(BIVN) – A bill that gives affordable housing preferences to Hawaiʻi Island residents was made law on Monday.
Hawaiʻi County Mayor Mitch Roth signed Bill 72, passed by the Hawaiʻi County Council on November 1. The bill “amends key provisions of Hawaiʻi County’s Affordable Housing Policy (Hawaiʻi County Code Chapter 11) to enhance access to affordable housing for those who live and work on Hawaiʻi Island,” officials say. The bill was introduced by Council Chair Heather Kimball and Vice Chair Holeka Goro Inaba.
“Our local kids and their families are our number one priority,” said Mayor Mitch Roth in a news release. “Signing Bill 72 into law solidifies our County’s commitment to our people and ensures they will legally have preference in receiving housing under our County’s Affordable Housing Policy. We would like to thank the visionary efforts of Council Chair Kimball and Councilman Inaba for seeing this much-needed piece of legislation through from draft to signing. Our County is better off today because of collective leadership grounded in the prosperity of future generations.”

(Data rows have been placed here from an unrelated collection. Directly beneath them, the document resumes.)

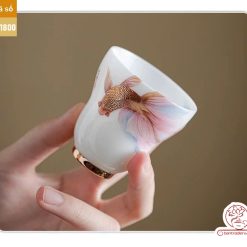 Bộ ấm trà cao cấp sứ trắng Bạch Ngọc Đức Hóa Ung Dung Tự Tại G01800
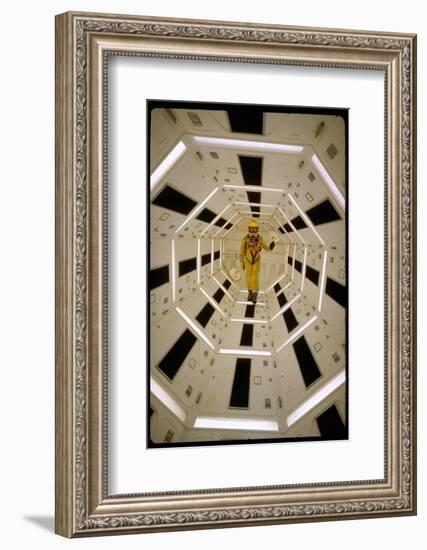 Distance Shot of Actor in Astronaut Suit Walking Through Geometrically Designed Hal Computer Center-Dmitri Kessel-Framed Photographic Print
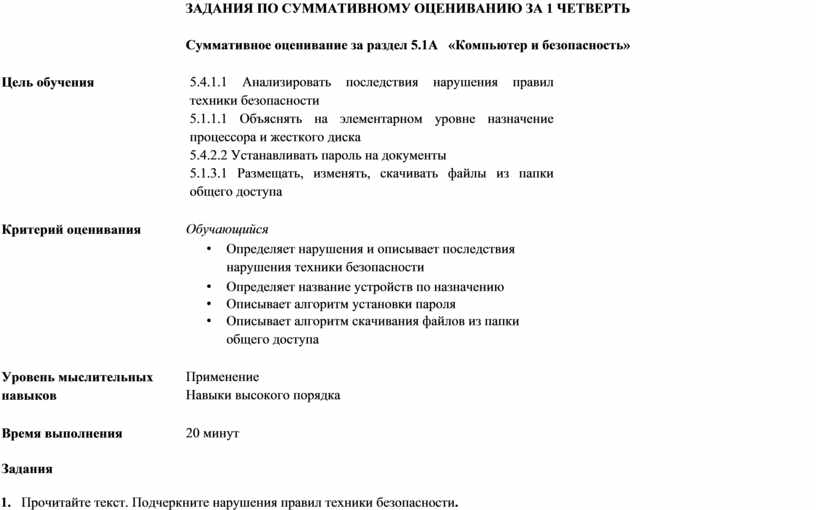 Образец заданий и схема выставления баллов задания суммативного оценивания за 4 четверть по алгебре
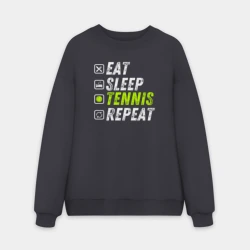 Мужской свитшот oversize без начеса хлопок Есть. Спать. Теннис. Повторить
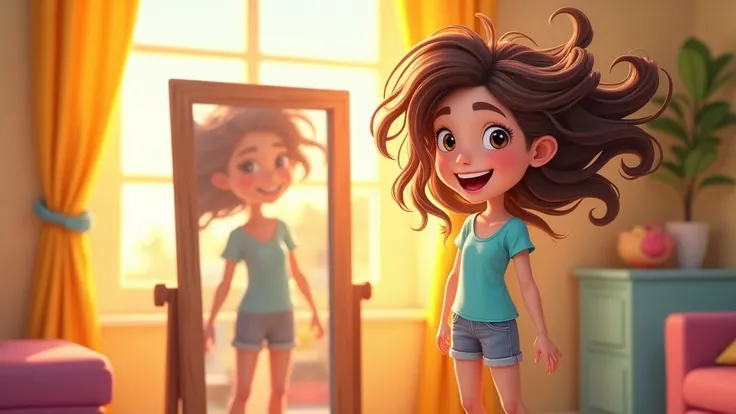 A cheerful animated scene of a young girl in the morning, standing in front of a mirror with messy, wind-blown hair, excited to start her day. She is smiling brightly and wearing casual, colorful clothes. The room is bright with sunlight streaming in throu...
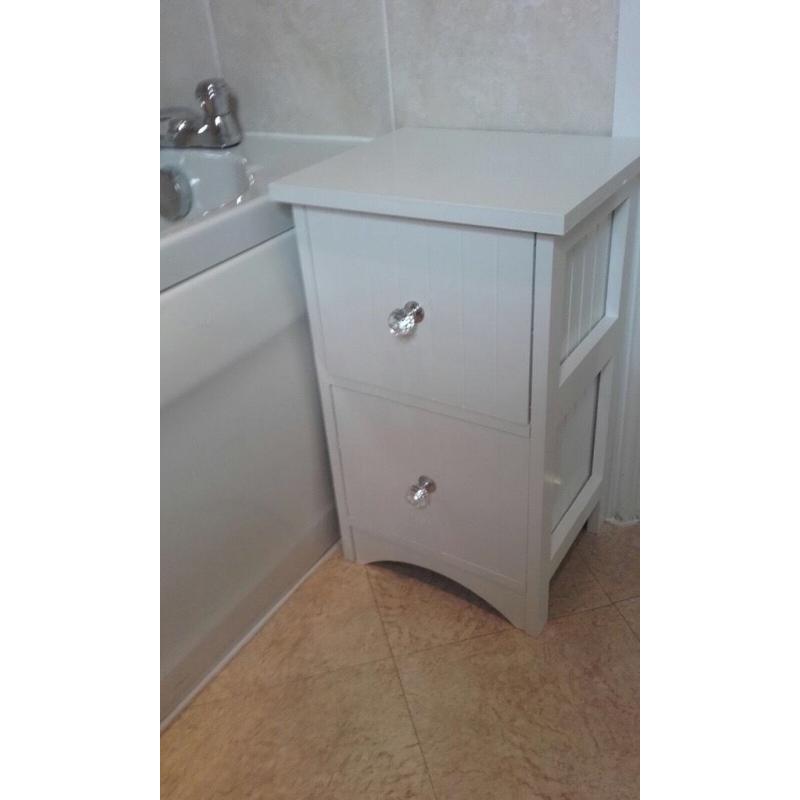 two drawer white wooden bathroom storage chest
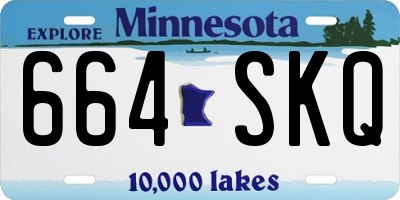 MN license plate 664SKQ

“The passage of this ordinance signifies the County’s commitment to addressing the affordable housing crisis and ensuring that its residents have the opportunity to secure suitable housing. These amendments seek to create a more inclusive and flexible framework to meet the diverse needs of Hawai’i County residents seeking affordable housing options,” said Council Chair Kimball.
“I am excited to see Bill 72 come to life. The production of affordable housing is a necessity; however, we need to ensure that our own residents, workers, and keiki are being prioritized for these units. Bill 72 does this and gives hope to the many individuals and families who apply for housing where applications are received and evaluated by the County,” added Vice Chair Inaba.
From the Hawaiʻi County news release:
First, it revises the definition of an “eligible buyer” to mean a person who meets eligibility requirements, including income limitations, as established by the chapter or by rule. This change effectively broadens the eligibility criteria, potentially allowing more residents to qualify for affordable housing.
Second, the bill adds language defining three types of qualified applicants for affordable housing: a “qualified resident,” a “qualified returning student,” and a “qualified worker.”
These new definitions aim to provide a more comprehensive framework for determining eligibility based on residency and employment within the County.
The third amendment to Chapter 11 establishes preference criteria for affordable housing applicants. It outlines specific applicant preferences based on the three new definitions listed above. The housing administrator is given the authority to set the order of preferences and the selection process for applicants for any given County-managed affordable housing project.
“When we are investing and using public funds on affordable housing projects, we want to make sure that we can give Hawaiʻi residents preference for housing when possible. This law creates the mechanism to do just that for projects overseen by the Office of Housing and Community Development,” commented Housing Administrator Susan Kunz. “The Office thanks the County Council for its work to create this law benefitting Hawaiʻi Island residents.”